Sortant de leur mutisme après la séance du Conseil fédéral, les  services d'Hans-Rudolf Merz ont enfin confirmé que le jet «Falcon»  du Conseil fédéral est arrivé mardi à 15h30 à l'aérodrome militaire  de Tripoli. «Après une longue attente», la délégation helvétique  chargée de ramener les deux Suisses a obtenu les documents d'entrée  dans le pays, selon le Département des finances.

Les services de Hans-Rudolf Merz indiquent encore être en contact  régulier avec la délégation à Tripoli, la famille et les proches des  deux hommes retenus.

Mais pour éviter les faux-pas en attendant leur retour, le  Conseil fédéral se mure derrière les communiqués écrits. Devant la  presse, son porte-parole André Simonazzi a refusé de répondre aux  nombreuses questions. «Quand les deux hommes seront de retour en  Suisse, vous serez informés de manière complète», s'est-il contenté  de répéter.

Accord appliqué

Seule certitude, malgré les critiques qu'il suscite, l'accord  conclu par Hans-Rudolf Merz jeudi dernier à Tripoli est valable et  sera appliqué. Lors de sa séance, le Conseil fédéral en a pris acte  et a entendu le rapport que lui ont fait le président de la  Confédération et la ministre des affaires étrangères Micheline Calmy- Rey.

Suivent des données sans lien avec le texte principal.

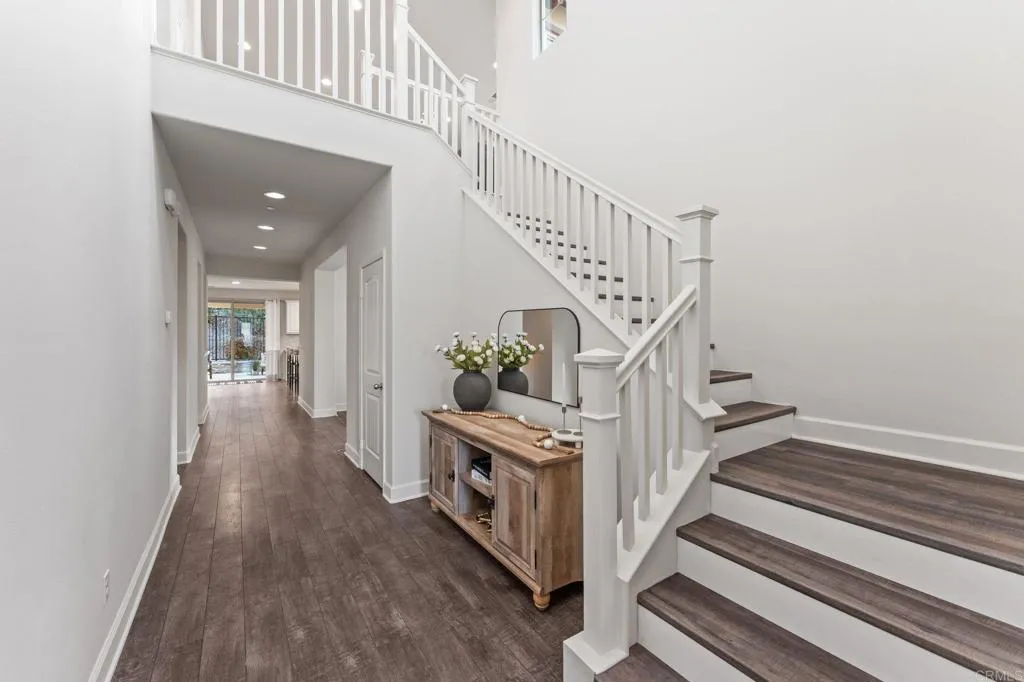 https://cdn.realtyfeed.com/cdn/127/306779890/fe59efe18fe4afc2e15225b345a0286b.webp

Les services de cette dernière ont constaté que l'accord engage  la Suisse sur le plan international. Le Conseil fédéral entend donc  le mettre en oeuvre, a annoncé André Simonazzi. La question de  savoir si l'exécution de l'accord était indépendante de la  libération des deux Suisses est par contre restée, comme les autres,  sans réponse.

Avant le 1er septembre

Le président de la Confédération a assuré vendredi dernier qu'il  avait reçu l'assurance orale du premier ministre libyen qu'ils  reviendraient d'ici le 1er septembre. Décidant seul de se rendre à  Tripoli pour débloquer l'affaire, il a présenté les excuses de la  Suisse pour l'arrestation d'Hannibal Kadhafi et de sa femme à Genève  en juillet 2008.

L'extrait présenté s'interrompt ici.